Introduction to AlgebraOfGraphics.jl

Authors

Jose Storopoli

Juan Oneto

AlgebraOfGraphics.jl is a powerful package for plotting and data visualization. Its expressive syntax is based on principles similar to the grammar of graphics of the R package ggplot2.

In this set of tutorials we will learn how to do complex and custom plots easily with AlgebraOfGraphics.jl. In this tutorial, we will introduce the fundamentals of AlgebraOfGraphics.jl and give an overview of the Makie.jl plotting ecosystem, which is the base on which AlgebraOfGraphics.jl is built.

Tip

AlgebraOfGraphics.jl is a mouthful. So we will be using the alias AoG.jl which makes it less cumbersome.

1 📇 Comparison ggplot2 vs AoG.jl

action ggplot2 AoG.jl
Input data ggplot(df) data(df)
Map aesthetics aes(...) mapping(...)
Add geometries geom_*(...) visual(...)
Combine layers + *
Facetting facet_[wrap\|grid](~ column) mapping(...; [row\|col\|layout]=:column)
Customize scales scale_*_manual() renamer(...)
Themes theme_*(...) set_theme!(theme_*()); draw(plt)
Customize axes labels [x\|y]lab("...") draw(plt, axis=(; [x\|y]label="..."))
Customize color scale_[fill\|color]_*(...) draw(plt, palettes=(; color=...)) or visual(..., colormap=...)
Save plot ggsave("file.[png\|svg]") save("file.[png\|svg]", draw(plt))
Frequency geom_bar() or stat_count() frequency()
Histogram geom_histogram or stat_bin() histogram()
Density geom_density or stat_density() density()
Expectation/Mean stat_summary(fun = "mean") expectation()
Smooth trend stat_smooth or geom_smooth() (visual(...) + smooth())
Linear trend stat_smooth(method = "lm") or geom_smooth(method = "lm") (visual(...) + linear())
Log scale scale_[x\|y]_log10() draw(plt; axis=(; [x\|y]scale=log10))
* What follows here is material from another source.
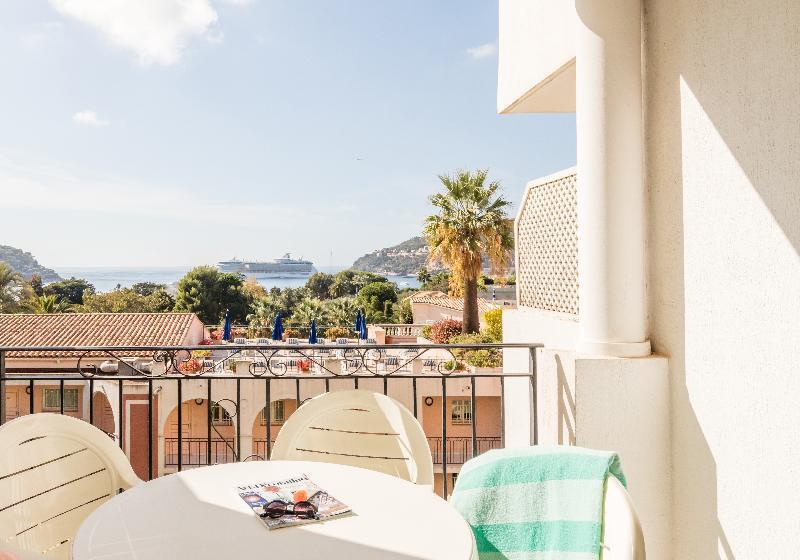 带1个卧室的带海景的公寓, Residence Pierre & Vacances L Ange Gardien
2 đź’ľ Interface with Data: data() function

The first step with AoG.jl is to specify your data source. In Julia, there is a unifying data API provided by the Tables.jl package. A lot of packages and types in the Julia ecosystem are compatible with the Tables.jl data API. For instance, the DataFrame that we have been using so far is compatible with the Tables.jl data API.

AoG.jl can use any Tables.jl compatible type as input and you specify them with the data() function.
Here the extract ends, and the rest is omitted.